▸ **How to complete this task**: What do the lines from the one containing "do 3d product" through the end of the listing below say? Restate them word for word and give nothing else.

[[ Raw data, beginning ]]

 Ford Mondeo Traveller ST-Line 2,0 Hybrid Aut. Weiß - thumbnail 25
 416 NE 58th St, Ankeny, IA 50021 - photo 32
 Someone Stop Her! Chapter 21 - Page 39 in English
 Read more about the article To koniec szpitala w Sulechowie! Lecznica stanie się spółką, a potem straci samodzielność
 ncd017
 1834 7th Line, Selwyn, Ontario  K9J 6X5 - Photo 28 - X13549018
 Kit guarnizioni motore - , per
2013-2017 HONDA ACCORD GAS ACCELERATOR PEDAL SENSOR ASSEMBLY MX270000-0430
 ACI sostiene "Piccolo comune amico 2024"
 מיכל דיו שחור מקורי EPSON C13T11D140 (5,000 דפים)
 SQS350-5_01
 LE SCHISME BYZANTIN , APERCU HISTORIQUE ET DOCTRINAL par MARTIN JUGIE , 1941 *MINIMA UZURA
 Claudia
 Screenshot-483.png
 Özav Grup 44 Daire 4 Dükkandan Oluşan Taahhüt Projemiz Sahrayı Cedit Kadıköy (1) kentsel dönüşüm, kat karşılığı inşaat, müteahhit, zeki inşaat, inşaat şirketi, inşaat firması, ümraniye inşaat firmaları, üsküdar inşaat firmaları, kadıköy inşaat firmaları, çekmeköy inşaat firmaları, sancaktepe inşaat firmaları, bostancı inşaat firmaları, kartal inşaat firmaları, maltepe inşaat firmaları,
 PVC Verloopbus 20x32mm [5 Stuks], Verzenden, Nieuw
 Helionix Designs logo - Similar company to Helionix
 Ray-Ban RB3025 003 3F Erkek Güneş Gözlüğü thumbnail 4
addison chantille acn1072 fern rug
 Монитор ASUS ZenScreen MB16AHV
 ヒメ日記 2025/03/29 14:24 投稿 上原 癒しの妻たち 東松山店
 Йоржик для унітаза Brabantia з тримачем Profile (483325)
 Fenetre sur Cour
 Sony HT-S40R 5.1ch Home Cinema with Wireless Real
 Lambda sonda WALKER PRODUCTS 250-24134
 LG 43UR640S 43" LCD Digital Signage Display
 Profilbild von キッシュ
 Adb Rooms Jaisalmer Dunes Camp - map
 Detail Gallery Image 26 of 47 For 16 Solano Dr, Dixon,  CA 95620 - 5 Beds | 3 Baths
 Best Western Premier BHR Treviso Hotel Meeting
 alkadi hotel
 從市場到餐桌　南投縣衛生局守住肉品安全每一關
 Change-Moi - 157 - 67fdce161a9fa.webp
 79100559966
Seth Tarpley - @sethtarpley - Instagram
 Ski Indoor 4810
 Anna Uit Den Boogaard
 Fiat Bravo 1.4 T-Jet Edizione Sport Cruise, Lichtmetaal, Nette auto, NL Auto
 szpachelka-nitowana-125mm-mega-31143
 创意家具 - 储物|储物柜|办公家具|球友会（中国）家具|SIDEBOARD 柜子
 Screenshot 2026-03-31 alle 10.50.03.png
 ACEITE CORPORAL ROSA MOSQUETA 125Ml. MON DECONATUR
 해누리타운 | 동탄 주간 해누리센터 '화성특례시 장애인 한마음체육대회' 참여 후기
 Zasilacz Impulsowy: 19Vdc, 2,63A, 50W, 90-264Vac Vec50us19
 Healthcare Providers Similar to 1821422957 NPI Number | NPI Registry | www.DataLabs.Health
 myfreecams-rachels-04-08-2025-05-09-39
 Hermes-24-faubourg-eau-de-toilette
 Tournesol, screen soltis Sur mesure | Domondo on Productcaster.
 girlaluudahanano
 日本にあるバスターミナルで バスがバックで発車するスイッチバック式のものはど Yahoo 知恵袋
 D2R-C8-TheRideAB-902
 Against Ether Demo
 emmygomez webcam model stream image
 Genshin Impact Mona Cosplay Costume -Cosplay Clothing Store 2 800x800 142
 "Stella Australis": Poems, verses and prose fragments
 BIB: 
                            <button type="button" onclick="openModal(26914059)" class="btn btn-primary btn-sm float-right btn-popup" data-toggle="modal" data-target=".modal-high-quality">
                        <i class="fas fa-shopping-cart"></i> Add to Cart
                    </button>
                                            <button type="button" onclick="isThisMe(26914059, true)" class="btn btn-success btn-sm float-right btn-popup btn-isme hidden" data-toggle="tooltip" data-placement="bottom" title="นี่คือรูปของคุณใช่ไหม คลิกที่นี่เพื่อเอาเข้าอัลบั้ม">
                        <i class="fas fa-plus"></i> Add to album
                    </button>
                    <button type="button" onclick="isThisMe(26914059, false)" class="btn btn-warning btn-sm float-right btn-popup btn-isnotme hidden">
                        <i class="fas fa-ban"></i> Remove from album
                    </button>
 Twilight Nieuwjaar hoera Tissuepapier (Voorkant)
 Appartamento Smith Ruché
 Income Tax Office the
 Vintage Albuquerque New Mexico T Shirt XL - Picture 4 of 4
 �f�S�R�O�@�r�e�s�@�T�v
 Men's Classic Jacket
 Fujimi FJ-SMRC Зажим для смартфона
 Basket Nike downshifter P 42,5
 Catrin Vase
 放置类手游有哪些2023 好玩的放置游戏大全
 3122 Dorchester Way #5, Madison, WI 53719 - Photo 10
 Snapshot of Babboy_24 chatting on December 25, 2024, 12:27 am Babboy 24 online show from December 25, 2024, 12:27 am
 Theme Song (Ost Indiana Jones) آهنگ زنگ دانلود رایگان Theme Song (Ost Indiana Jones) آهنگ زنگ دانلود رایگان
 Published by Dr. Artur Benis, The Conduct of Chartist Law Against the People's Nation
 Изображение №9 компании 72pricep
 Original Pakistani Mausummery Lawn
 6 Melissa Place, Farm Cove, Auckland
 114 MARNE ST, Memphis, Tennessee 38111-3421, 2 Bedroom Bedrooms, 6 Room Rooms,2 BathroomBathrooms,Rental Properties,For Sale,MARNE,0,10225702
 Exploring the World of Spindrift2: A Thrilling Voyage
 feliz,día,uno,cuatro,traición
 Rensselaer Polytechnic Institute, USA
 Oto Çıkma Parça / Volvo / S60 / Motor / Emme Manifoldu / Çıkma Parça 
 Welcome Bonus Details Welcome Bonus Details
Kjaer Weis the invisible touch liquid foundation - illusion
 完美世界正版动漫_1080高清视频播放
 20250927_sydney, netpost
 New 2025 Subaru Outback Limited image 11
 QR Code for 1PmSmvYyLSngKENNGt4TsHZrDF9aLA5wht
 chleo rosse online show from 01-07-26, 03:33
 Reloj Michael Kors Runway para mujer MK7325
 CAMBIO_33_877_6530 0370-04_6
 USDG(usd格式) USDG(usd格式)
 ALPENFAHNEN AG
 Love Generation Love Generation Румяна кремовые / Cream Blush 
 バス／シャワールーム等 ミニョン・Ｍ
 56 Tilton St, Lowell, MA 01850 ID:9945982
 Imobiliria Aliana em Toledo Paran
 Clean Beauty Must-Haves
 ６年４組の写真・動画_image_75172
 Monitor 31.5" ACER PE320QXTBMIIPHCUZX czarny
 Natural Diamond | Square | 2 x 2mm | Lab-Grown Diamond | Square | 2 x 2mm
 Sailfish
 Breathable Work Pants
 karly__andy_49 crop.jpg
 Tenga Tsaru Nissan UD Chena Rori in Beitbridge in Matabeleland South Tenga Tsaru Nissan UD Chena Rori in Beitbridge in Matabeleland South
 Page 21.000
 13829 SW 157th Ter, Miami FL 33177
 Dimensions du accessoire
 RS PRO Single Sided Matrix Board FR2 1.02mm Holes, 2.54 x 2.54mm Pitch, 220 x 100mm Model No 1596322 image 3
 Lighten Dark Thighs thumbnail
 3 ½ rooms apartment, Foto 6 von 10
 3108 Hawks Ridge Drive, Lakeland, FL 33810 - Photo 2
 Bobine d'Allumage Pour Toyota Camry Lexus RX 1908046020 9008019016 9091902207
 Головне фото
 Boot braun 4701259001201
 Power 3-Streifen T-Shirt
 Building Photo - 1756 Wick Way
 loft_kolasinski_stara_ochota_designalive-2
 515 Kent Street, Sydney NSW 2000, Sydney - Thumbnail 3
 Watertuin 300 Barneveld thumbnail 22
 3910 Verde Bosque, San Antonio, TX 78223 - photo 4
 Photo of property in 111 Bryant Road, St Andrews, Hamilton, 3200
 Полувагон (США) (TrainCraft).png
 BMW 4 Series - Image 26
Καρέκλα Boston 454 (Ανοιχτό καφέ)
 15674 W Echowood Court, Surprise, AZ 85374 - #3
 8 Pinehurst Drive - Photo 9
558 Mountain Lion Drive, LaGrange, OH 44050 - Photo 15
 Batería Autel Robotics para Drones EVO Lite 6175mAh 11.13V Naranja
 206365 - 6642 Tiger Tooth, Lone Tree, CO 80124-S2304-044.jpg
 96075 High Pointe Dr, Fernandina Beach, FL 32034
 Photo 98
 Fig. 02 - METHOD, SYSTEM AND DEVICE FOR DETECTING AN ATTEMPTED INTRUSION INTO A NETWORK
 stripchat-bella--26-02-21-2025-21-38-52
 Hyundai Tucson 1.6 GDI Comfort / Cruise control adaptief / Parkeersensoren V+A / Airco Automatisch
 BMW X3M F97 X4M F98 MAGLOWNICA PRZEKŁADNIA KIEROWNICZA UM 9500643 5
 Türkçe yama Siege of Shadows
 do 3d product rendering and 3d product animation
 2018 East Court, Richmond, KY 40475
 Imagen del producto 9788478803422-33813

[[ Raw data, end ]]

▸ **Expected output**:
 do 3d product rendering and 3d product animation
 2018 East Court, Richmond, KY 40475
 Imagen del producto 9788478803422-33813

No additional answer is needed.